[How to complete this task]: Look in the material below for the line holding "Potato Salad in". Set it down exactly, with each later line up to and including the line holding "Virgin Mary Prayer".

◇ ◇ ◇ ◇ ◇ ◇ ◇

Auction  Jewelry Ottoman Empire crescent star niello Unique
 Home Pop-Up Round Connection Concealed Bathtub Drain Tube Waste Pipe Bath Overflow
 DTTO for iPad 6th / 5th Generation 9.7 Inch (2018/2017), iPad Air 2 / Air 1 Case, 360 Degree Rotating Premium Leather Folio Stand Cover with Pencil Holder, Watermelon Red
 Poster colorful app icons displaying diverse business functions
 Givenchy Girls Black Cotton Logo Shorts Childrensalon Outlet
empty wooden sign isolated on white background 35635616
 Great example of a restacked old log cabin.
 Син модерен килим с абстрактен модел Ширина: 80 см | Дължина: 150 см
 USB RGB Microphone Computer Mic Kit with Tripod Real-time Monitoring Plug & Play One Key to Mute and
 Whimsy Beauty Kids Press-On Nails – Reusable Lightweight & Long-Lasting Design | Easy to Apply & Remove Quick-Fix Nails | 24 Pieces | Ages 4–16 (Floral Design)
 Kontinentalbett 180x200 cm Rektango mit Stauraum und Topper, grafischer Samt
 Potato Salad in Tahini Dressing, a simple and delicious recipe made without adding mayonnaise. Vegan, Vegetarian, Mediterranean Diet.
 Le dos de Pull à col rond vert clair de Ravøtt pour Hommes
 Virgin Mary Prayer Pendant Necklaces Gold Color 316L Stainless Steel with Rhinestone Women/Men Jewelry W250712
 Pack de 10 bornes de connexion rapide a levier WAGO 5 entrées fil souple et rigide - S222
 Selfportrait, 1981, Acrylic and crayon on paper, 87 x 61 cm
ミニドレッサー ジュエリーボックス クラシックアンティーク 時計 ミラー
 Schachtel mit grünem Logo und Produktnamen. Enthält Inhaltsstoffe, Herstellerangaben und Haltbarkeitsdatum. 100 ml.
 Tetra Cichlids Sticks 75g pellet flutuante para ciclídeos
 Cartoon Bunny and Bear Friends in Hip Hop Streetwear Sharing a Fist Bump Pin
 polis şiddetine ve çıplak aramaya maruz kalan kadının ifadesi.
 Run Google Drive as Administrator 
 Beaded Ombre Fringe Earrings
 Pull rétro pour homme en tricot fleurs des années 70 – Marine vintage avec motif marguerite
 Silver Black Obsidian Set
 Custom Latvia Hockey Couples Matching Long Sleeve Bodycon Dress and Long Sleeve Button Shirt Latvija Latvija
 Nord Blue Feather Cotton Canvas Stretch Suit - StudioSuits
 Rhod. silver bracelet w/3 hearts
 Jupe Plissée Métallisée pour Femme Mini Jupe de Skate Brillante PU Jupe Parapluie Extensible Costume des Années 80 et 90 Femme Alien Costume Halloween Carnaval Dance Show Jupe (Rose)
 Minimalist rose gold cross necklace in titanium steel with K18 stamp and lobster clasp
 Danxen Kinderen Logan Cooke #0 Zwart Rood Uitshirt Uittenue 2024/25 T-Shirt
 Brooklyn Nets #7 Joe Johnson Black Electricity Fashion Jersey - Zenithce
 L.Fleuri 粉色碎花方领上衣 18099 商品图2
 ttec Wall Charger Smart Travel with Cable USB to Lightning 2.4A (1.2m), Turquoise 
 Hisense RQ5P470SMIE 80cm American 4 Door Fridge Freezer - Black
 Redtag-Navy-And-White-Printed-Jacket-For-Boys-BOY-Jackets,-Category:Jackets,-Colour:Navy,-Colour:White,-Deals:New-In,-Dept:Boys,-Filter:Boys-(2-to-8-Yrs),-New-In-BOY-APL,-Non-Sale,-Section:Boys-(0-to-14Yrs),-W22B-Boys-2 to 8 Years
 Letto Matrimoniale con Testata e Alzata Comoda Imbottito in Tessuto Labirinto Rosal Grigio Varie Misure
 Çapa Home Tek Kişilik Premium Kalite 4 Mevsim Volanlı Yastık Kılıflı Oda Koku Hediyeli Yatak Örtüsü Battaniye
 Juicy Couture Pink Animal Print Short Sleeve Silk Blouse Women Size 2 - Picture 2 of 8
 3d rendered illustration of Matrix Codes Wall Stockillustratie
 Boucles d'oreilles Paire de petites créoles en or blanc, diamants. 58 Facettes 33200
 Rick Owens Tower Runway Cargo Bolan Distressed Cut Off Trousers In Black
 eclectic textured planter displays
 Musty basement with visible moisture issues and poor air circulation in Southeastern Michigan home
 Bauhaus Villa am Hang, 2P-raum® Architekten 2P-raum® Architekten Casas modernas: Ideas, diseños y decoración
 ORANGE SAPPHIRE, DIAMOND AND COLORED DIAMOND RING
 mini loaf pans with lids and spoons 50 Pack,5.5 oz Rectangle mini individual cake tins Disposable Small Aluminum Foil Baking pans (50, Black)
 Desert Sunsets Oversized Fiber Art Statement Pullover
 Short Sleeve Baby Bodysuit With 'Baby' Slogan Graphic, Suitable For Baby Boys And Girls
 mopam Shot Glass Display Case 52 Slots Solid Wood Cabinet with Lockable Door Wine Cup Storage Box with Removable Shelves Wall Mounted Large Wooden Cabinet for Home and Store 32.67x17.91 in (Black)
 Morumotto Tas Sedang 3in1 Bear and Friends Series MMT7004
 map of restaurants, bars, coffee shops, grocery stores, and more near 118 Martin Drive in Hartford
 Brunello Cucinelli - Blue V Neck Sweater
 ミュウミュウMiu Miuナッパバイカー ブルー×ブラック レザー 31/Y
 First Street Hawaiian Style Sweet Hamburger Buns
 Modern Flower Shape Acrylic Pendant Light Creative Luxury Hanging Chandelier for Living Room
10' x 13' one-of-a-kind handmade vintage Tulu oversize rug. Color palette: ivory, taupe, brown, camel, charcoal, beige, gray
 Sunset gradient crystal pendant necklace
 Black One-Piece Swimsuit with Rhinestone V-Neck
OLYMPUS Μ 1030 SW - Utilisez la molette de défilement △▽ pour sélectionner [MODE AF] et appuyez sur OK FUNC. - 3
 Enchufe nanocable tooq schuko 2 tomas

◇ ◇ ◇ ◇ ◇ ◇ ◇

[Exercise answer]:
 Potato Salad in Tahini Dressing, a simple and delicious recipe made without adding mayonnaise. Vegan, Vegetarian, Mediterranean Diet.
 Le dos de Pull à col rond vert clair de Ravøtt pour Hommes
 Virgin Mary Prayer Pendant Necklaces Gold Color 316L Stainless Steel with Rhinestone Women/Men Jewelry W250712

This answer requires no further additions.